In 1988 Congress passed the Indian Gaming Regulatory Act (IGRA).1 The states, disappointed with certain aspects of the IGRA legislation, launched a war against Indian tribes to stop them from conducting the gaming which Congress had determined was a vital source of economic development for tribes and a proper exercise of tribal sovereignty. In 1994 governors from forty-nine states signed and sent a letter to Congress urging drastic revisions in the law purportedly to protect states’ rights.
To this day, every Session of Congress brings the introduction of legislation that would curtail or destroy Indian gaming rights.
The states viewed the establishment of tribal casinos within their borders as an intrusion of states’ rights that should be stopped or, at a minimum, curtailed. To the tribes, Indian gaming had to be protected and expanded because it was the only known source of economic development that gave tribes the resources to raise themselves from levels of abject poverty that had continued on most reservations for more than a century.

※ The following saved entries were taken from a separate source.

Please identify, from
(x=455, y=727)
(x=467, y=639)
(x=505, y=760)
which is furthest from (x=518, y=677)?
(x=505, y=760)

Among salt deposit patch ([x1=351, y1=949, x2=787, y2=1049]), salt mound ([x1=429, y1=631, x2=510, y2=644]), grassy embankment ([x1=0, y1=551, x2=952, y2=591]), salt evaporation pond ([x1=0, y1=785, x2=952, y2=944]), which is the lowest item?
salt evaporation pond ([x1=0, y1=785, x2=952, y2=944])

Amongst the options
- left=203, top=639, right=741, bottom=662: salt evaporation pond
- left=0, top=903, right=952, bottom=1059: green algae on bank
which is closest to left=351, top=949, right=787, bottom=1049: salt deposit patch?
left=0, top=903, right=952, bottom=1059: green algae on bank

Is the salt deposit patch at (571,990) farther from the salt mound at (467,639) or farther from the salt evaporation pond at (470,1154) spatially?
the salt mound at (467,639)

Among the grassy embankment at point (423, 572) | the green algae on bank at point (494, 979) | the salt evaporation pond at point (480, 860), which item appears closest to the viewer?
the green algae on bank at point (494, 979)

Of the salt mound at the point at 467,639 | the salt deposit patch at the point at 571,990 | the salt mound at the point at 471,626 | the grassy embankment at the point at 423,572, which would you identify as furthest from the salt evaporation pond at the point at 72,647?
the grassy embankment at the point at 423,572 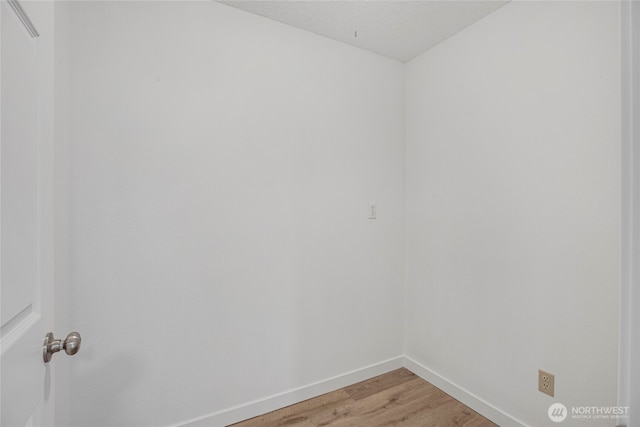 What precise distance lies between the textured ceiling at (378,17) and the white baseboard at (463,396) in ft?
7.79

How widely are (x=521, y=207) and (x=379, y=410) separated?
1.47m

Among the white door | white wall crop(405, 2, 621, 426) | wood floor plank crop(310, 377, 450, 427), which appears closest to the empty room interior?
white wall crop(405, 2, 621, 426)

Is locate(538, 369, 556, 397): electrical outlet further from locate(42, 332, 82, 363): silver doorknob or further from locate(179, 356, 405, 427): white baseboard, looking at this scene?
locate(42, 332, 82, 363): silver doorknob

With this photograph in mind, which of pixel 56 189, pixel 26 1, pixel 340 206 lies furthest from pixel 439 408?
pixel 26 1

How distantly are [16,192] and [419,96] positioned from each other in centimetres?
234

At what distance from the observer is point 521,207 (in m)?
1.64

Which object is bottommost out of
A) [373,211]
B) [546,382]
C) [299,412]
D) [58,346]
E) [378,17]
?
[299,412]

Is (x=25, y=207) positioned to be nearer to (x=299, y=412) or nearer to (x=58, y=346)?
(x=58, y=346)

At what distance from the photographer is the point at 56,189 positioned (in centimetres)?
115

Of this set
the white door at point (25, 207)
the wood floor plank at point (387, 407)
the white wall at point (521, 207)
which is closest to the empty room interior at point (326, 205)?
the white wall at point (521, 207)

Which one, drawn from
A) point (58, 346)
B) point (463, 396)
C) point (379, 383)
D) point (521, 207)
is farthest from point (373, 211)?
point (58, 346)

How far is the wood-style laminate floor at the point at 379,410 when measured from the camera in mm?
1727

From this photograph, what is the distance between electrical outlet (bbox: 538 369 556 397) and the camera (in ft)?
4.92

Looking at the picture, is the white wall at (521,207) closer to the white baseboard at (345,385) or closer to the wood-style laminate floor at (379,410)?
the white baseboard at (345,385) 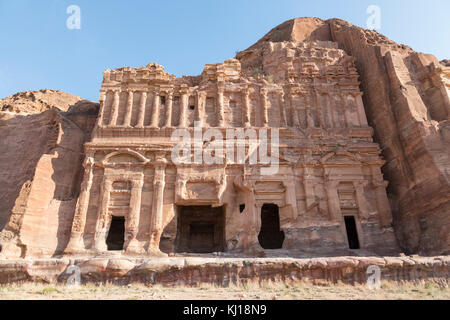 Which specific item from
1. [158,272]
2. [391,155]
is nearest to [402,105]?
[391,155]

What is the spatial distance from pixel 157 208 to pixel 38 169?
22.0 feet

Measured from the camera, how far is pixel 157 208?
1592 centimetres

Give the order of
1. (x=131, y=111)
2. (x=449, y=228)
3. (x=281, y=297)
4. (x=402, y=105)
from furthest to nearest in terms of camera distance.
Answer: (x=131, y=111) → (x=402, y=105) → (x=449, y=228) → (x=281, y=297)

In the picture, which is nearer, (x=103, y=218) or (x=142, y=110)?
(x=103, y=218)

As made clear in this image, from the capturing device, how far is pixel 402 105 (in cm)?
1705

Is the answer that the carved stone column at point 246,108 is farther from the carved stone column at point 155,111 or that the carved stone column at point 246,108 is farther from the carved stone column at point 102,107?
the carved stone column at point 102,107

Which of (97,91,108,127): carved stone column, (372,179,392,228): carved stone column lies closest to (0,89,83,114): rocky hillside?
(97,91,108,127): carved stone column

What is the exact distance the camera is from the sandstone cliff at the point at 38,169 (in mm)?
15039

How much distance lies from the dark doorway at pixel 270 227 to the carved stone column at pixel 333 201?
401cm

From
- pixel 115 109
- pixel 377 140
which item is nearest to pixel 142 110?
pixel 115 109

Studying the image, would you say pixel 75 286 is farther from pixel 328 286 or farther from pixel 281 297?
pixel 328 286

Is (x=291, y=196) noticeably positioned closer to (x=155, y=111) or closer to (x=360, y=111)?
(x=360, y=111)

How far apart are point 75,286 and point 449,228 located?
1464 cm

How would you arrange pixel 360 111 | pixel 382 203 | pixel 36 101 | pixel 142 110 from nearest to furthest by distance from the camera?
1. pixel 382 203
2. pixel 142 110
3. pixel 360 111
4. pixel 36 101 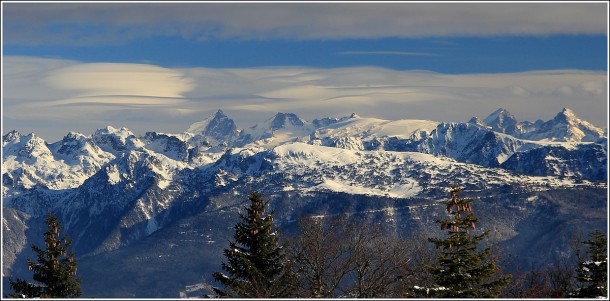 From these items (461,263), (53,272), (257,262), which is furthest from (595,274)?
(53,272)

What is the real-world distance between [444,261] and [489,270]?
2.23 metres

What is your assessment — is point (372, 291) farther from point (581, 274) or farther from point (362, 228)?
point (581, 274)

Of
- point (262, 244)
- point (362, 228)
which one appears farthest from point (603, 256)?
point (262, 244)

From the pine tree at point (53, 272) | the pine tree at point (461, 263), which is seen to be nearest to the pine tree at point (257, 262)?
the pine tree at point (53, 272)

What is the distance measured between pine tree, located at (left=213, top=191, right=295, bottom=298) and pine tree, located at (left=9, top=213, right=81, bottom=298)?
10248 millimetres

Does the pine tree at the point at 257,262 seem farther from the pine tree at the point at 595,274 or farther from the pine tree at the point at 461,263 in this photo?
the pine tree at the point at 595,274

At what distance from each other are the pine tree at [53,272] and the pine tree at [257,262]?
1025cm

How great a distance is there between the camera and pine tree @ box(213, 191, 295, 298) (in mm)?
65125

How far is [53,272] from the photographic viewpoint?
68.1 m

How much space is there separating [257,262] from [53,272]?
1436 centimetres

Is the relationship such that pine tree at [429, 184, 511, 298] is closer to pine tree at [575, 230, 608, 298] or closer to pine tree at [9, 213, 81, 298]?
pine tree at [575, 230, 608, 298]

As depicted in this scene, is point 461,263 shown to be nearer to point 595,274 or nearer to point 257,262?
point 595,274

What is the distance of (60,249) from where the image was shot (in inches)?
2761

Currently, the Indian gaming war is almost over. In state after state, through negotiation or litigation or some combination of the two, the tribe and the states have been able to agree on the compacts IGRA requires for the conduct of casino gaming. Indian gaming ventures have helped the state and local economy, while affording tribes the economic development they desperately need. At the present time there are 179 compacts negotiated between 160 tribes and 24 states. Last year the California tribes and the State of California entered into a statewide compact approved through the passage of an amendment to the State Constitution that has finally resolved the controversies that have raged in that state for more than ten years.